Displaying a histogram with awk

This short post will demonstrate how to make a terminal friendly display of a histogram. A short post about something I keep finding useful when dealing with csv files.

Context

Histograms are an excellent way to quickly visualize skewness, or outliers that aren’t visible when taking a simple average into account. In the context of data driven work, it’s a nice first pass to check if the data file looks correct. If there’s a massive spike of a single value, it might indicate that some data is being truncated, or seemingly impossible values might indicate if the data generation itself suffered from a logical error.

The thing we really want to achieve, is to keep the output friendly to the eye. If we simply output a character for each result inside a group, then the line of each histogram will possibly need several line breaks, which makes a quick and friendly visualization impossible. The solution is to try and scale the maximum length of each “bar” of the histogram, and scale the rest of the results against this maximum.

The Function

For brevity, the data is just a randomly generated csv file using this function.
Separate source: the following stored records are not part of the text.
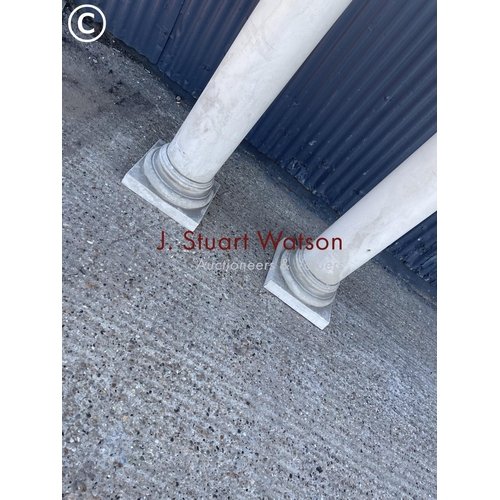 191 - A pair of very large plastic pillars 260cm tall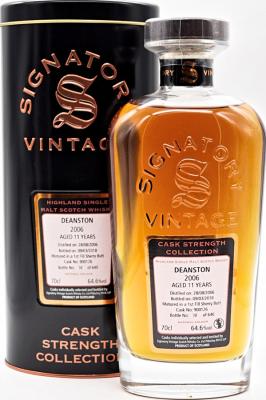 Deanston 2006 SV Cask Strength Collection 1st Fill Sherry Butt #900126 64.6% 700ml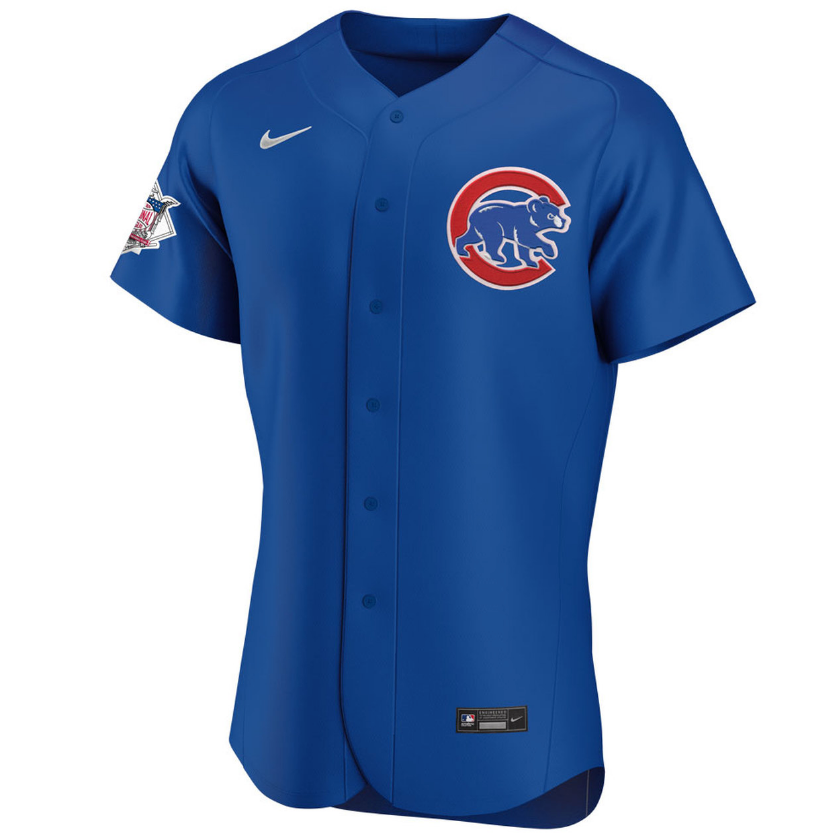 Chicago Cubs Javier Baez Nike Blue Alternate Authentic Player Jersey for Men product image 2, provided for visual reference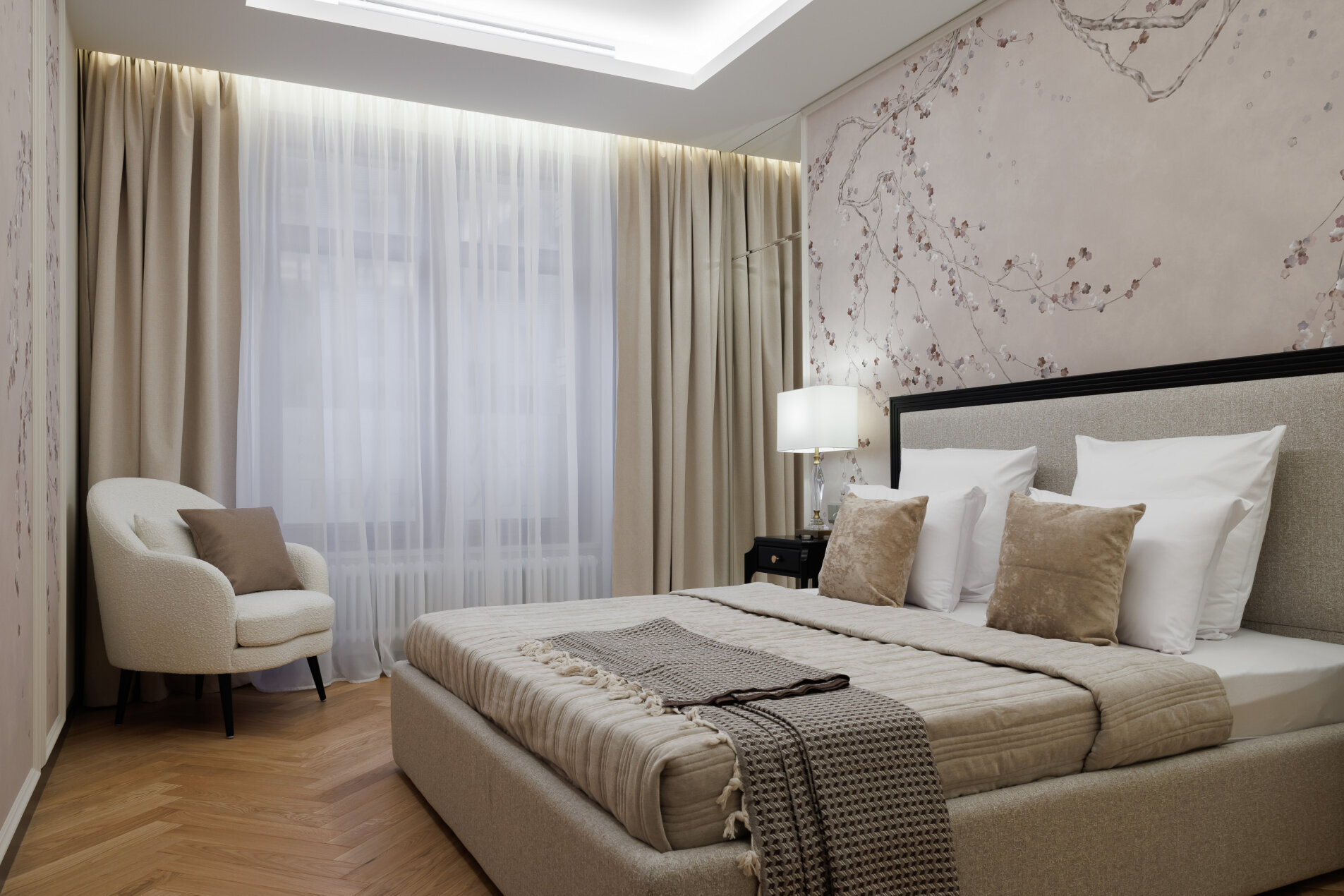 Уютная спальня для отличного сна Продажа квартиры 61м² 'Neva Haus' Петровский пр., 9-11 Уютная спальня для отличного сна Продажа квартиры 61м² 'Neva Haus' Петровский пр., 9-11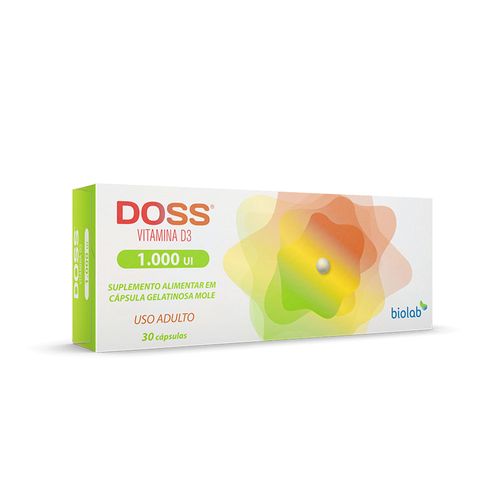 Doss Vitamina D3 1.000 UI com 30 Cápsulas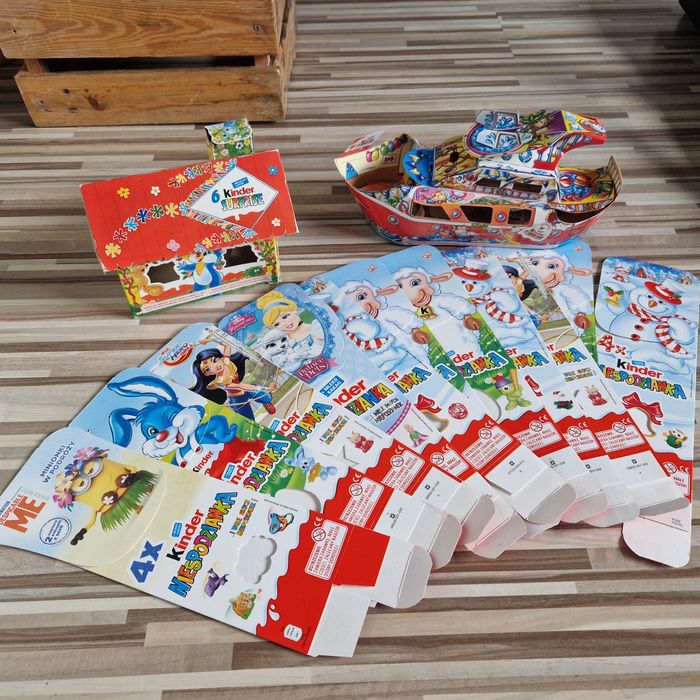 Opakowania po Kinder niespodzianka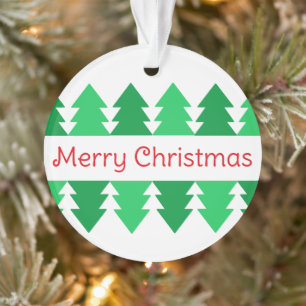 Simple Rouge Joyeux Noël Dessin d'arbre vert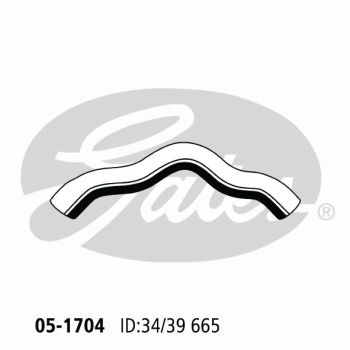 Gates 05-1704 Radiator Hose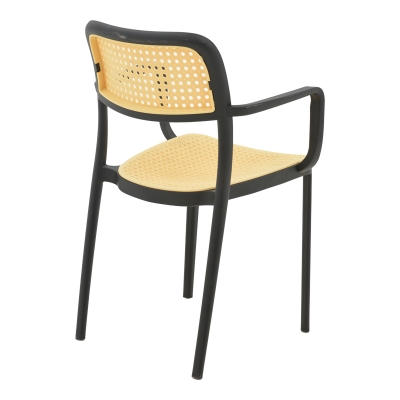 Πολυθρόνα Westley pakoworld pp φυσικό-μαύρο 58x47x81εκ Πολυθρόνα Westley pakoworld pp φυσικό-μαύρο 58x47x81εκ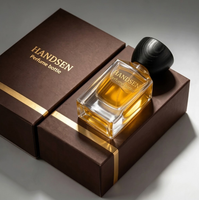 Flacon de parfum élégant 30ml 50ml 100ml, forme carrée, bouchon noir, conteneur de parfum vide, logo personnalisé, fournisseur d'emballages de parfum OEM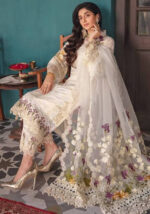 Elaf Luxury Embroidered Chikan Kari - Image 3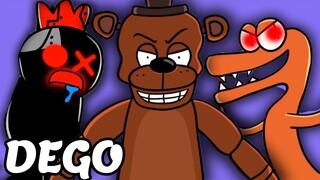 FIVE NIGHTS AT FREDDY'S VS RAINBOW FRIENDS EXE - CANCIÓN DEGOBOOM (OFICIAL)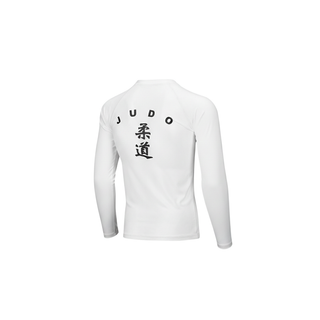 Judo KANJI Rash Guard – Langarm mit Rundhals - Green Hill Sports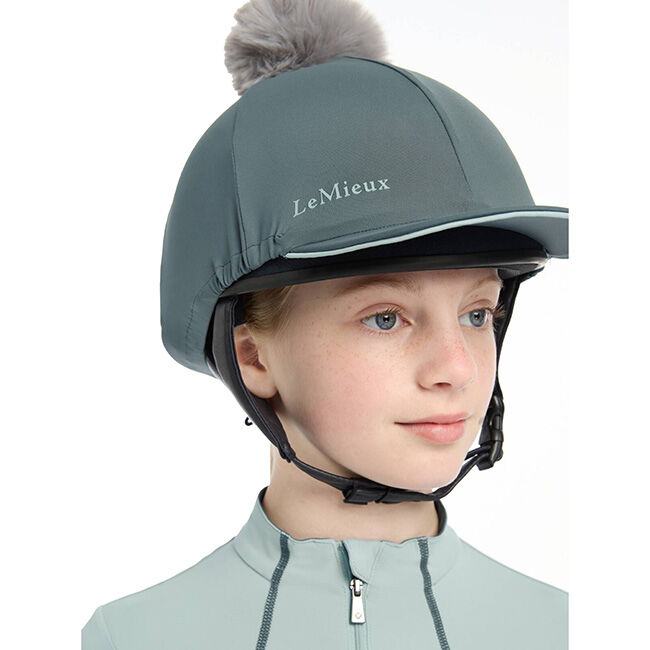 LeMieux Pippa Hat Silk - Petrol - Closeout image number null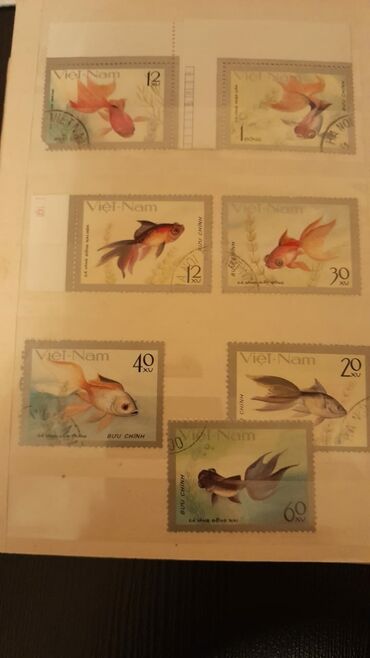 Markalar: Старинные марки. 1 штука-2 маната. Всего 163 штуки. Есть ещё советские — 9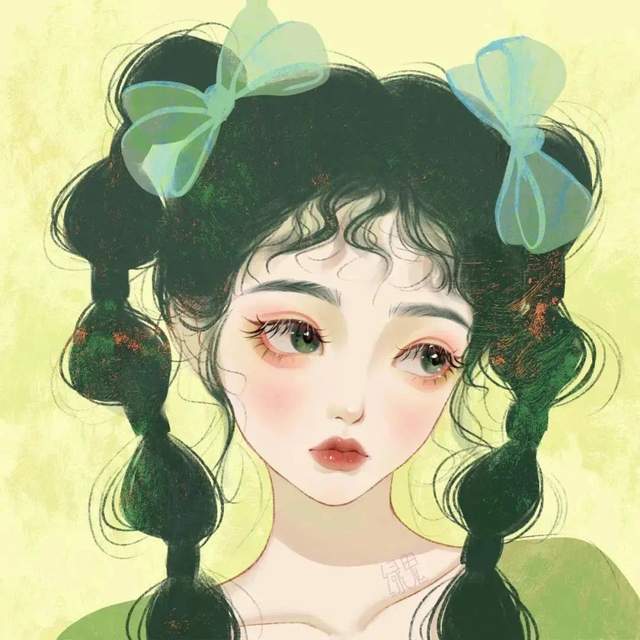 超级好看的手绘女生头像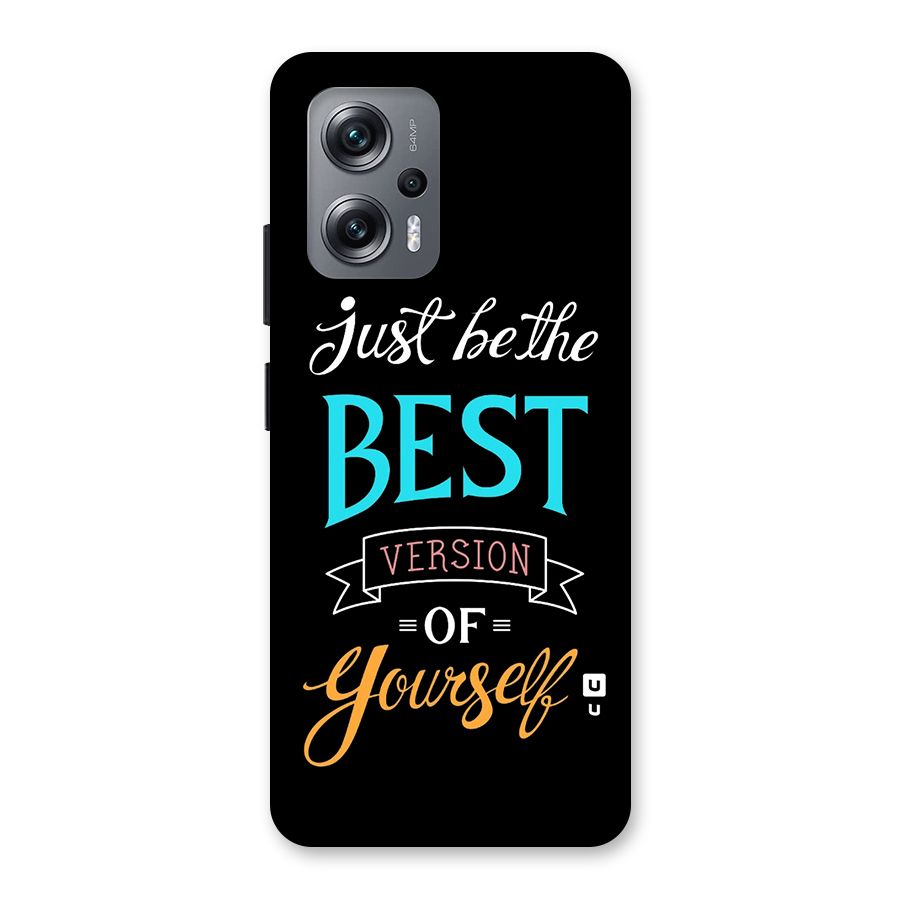 Your Best Version Back Case for Redmi K50i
root@debian-test:~# awk -v columns=2 -v digits=0.5 -v rows=10 -f gen_csv.awk
1,1
2,1
0,2
1,2
2,0
2,2
2,0
3,2
1,2
3,0

Extending the rows significantly, we should be able to produce a result where scaling is required:

root@debian-test:~# awk -v columns=2 -v digits=0.5 -v rows=1000 -f gen_csv.awk | awk 'BEGIN{FS=",";}{value=$2; a[value]++; if (a[value]>max) {max=a[value];}}END{printf("Value\tFrequency"); for(i in a) {printf("\n%s\t%s\t",i,a[i]); for(j=0;j<(int(a[i]*(50/max)));j++) {printf("#");}} print "";}'
Value   Frequency
0       298     ############################################
1       332     ##################################################
2       323     ################################################
3       47      #######

This is a pretty awkward expression for a one liner, so let’s unpack it step by step:

-> BEGIN{FS=",";} csv files are delimited by , so we set the file separator to this. Skip this step for tsv files.
-> value=$2 the choice of column that we want to create our frequency of occurrence histogram out of
-> a[value]++; the values are put into array a, the array is indexed by the value, and the array element itself is the number of times each index was found
-> if (a[value]>max) {max=a[value];} we want to know what was the highest value that we found, since we will want to scale the histogram against whatever this value is
-> END{printf("Value\tFrequency"); finished processing the file, print the headers
-> for (i in a) loop through the array a by index
-> printf("\n%s\t%s\t",i,a[i]); print the data we acquired: i -> the value of interest, a[i] -> frequency of the value of interest
-> for(j=0;j<(int(a[i]*(50/max)));j++) {printf("#");} print the histogram bars, the number of runs in this for loop depends on the highest frequency of occurence of any of the values, in this case 332. Printing 332 # characters would be wider than what we can comfortably display, so the divisor of 50 is the solution. It scales down the length of the histogram bars.

The value of 50 is just something that makes sense for me, as I often operate in a tiling window manager set up, with split windows. You can adjust this value to your comfort.

If you already know from operational sense that a certain value, or range of values will be uninteresting, you can always wrap the value=$2 inside an appropriate if statement.

For clarity, here’s the full snippet unraveled:

#/bin/awk -f

BEGIN{
    FS=",";
}
{
    value=$2;
    a[value]++;
    if (a[value]>max) {
        max=a[value];
    }
}
END{
    printf("Value\tFrequency");
    for(i in a) {
        printf("\n%s\t%s\t",i,a[i]);
        for(j=0; j<(int(a[i]*(50/max))); j++) {
            printf("#");
        }
    }
    print "";
}

Conclusion

This simple one liner can be useful as a rough first pass on an acquired csv file, to check for (the absence of) some obvious errors. It’s served me useful in building and debugging data pipelines, especially in SSH-only contexts.